المسافة فوق البؤرية .. كتاب أسس التصوير الضوئي

Hyperfocal distance

If we suppose that we use a bellows camera, and set the lens at an infinity distance, the image would thus be collected on the sensitive film or frosted glass exactly at the focal length distance of the lens. So if we want to lengthen the extension of the blower slowly. Gradually, we found at the beginning that the close objects appear sharp in detail, and at the same time the objects located at infinity remain sharp in detail as well, until the length of the blower reaches a certain limit, and it is noticed that if that limit was prolonged, the bodies located in infinity would not appear sharp in detail, and then it is said that the lens It has been set at the suprafocal distance, and this distance is symbolized by the letter H. Therefore, it is possible. The suprafocal distance is defined as the point in front of the lens and to. If you adjust the lens to it, all the details appear sharp from infinity.

We now know that the distance between . Between infinity, the details become sharp if the distance is set to H, but what is the ruling on objects located between this point and the lens? Do the details also appear sharp? This relationship is defined as follows:
A) _ If you set the lens to the hyperfocal distance H, then the objects that lie in the middle of the hyperfocal distance to infinity appear. the details . For example, if H = 12 meters, we find that all the bodies located. Between infinity and 6 meters in front of the sharp detail lens.

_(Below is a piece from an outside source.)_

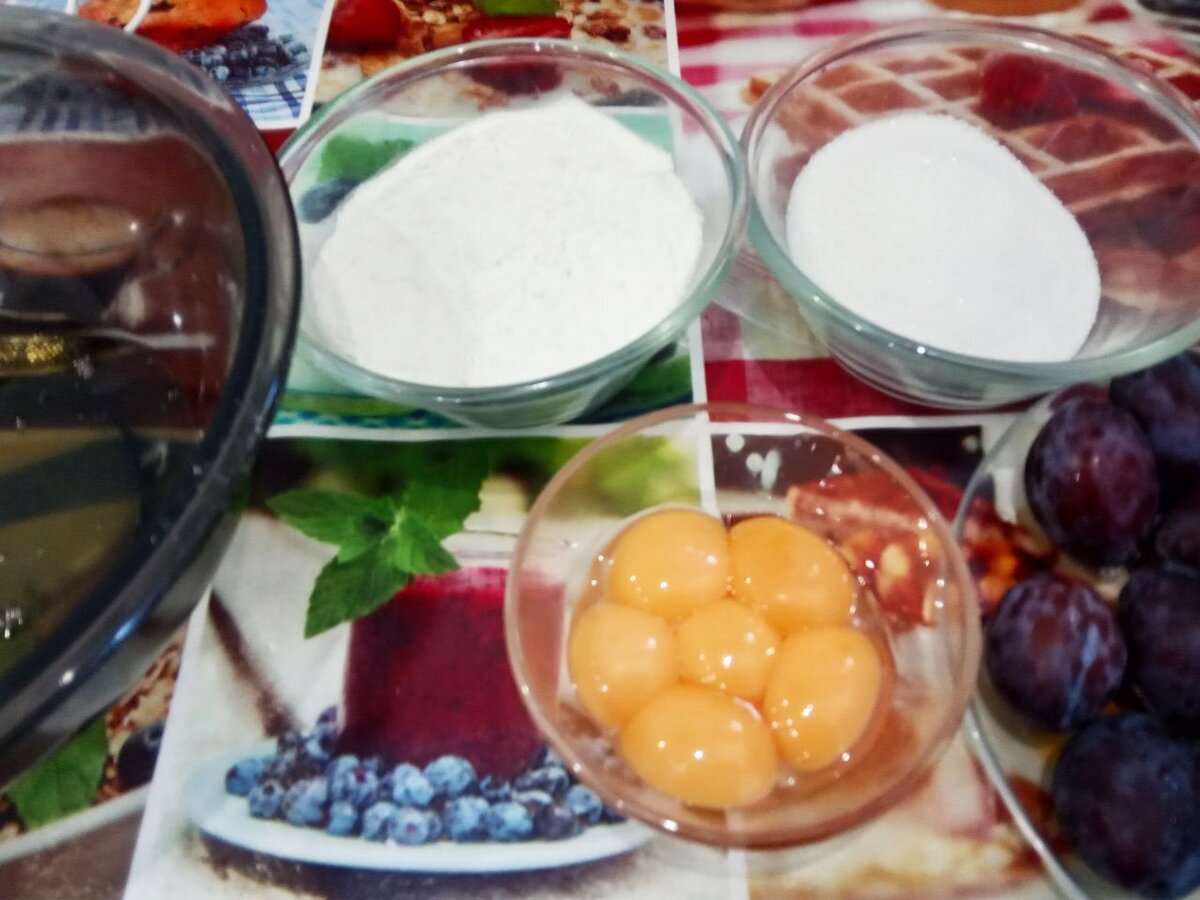 Ингредиенты для приготовления бисквитного пирога со сливами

b) _ If you set the lens at a distance of +H, i.e. at a distance of 6 meters, according to the previous example, then all objects between H to +H appear sharp in detail. Thus, objects that are four meters away from the lens and extend to 12 meters are all sharp in detail.
h) _ If you set the lens at a distance of 1 over 2 (ie a distance of 8 meters - the previous example), we find that . Objects between H and H + are sharp in detail (i.e. objects confined at a distance of
3-6 meters). From the foregoing, you can decide that H is the one that decides the depth of field in the image. Therefore, if photography is done with a lens, it is easy, if the distance H is known, to estimate the depth of field in the image.
Mathematical equations were able to calculate the distance H for the lenses, and it was found that the only factor affecting the length or shortness of this distance is the diameter of the actual diphragm aperture, and this distance is calculated as follows:
suprafocal distance. The diameter of the actual diaphragm aperture, and thus the distance H is equal in any two lenses, of which the focal length differs for them, as long as the diameter of the actual diaphragm aperture is the same in the two lenses, and the depth of field that can be obtained becomes the same for the two lenses as well. Example: the actual diaphragm aperture lens has a name, so what is it depth of field. What can be obtained if the lens is set at a distance equal to half the distance above the lens?
The details are sharp in the area between HP and H, which is located at a distance from the lens between about ten meters and 3.35 meters. It may seem that it is difficult to measure the diameter of the actual diaphragm aperture, and in fact you find that it is easy to calculate it if we know the focal length of the lens, and the focal number of the aperture used (f No).